Where to begin. I keep wanting to go to the overall ingenuity and uniformity of this great series. Each set has it’s own tool which is well constructed, described and accompanied by instructions which explain its usefulness to the scientific method. Ah “method,” that is the unique element of this series. Each set informs young explorers in a readily understandable and documented manner how to use these tools to learn more about the world around them. Whether looking at craters and mountains on the lunar surface, the backlit beauty of salt crystals or mosquito larvae swimming in a backyard puddle, the richness of this whole series is tied to the way scientist Nancy B. uses words. She uses them to describe how interesting, exciting and fulfilling it is to inform yourself with these unique gadgets. Having completed exercises and experiments, you then use words and language to record your learnings. Multiple observations evolve to discovery, sparking  understanding, leading to better informed and competent people, and maybe some day, preparing a young scientist to pass knowledge along to others!

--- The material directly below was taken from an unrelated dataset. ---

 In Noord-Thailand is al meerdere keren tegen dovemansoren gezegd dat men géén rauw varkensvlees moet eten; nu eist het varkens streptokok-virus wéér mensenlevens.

All five tools deliver on “discovery” sparks, but the microscope and telescope I found most compelling. So much of our world is accessible to the magic of the microscope’s gaze. A piece of wool, granules of sugar, a grasshopper leg, an engraved letter on an invitation or a tomato seed all invite exploration. These new sights generate excitement giving off lots of descriptive language and opportunities to learn and use new vocabulary. While the Moonscope is mostly a nocturnal exercise, the mysteries of the night sky have always called man to closer inspection, and while it’s hard to go beyond spotting the rings of Saturn and the moons of Jupiter – be ready for some merrymaking-with-the-moon. Identify specific features, see where the lunar module landed back in 1969, work in your journal to record the phases and changes in the moon over the month. Intently studying our nearest heavenly neighbor builds the interest, skills and patience to then move to more delicate journeys across the sky. Soon it will become time to view constellations and then, likely with some adult supervision, investigate stellar phenomena highlighted on the internet and in local print media. For example, during this June, 2013, Mercury, Venus and Saturn are all visible for about an hour after sunset. WOW! Sorry kid, back away from the Moonscope, I gotta see this !

The opinions above are solely those of the author. The Nancy B. Science tools were provided for review by Educational Insights.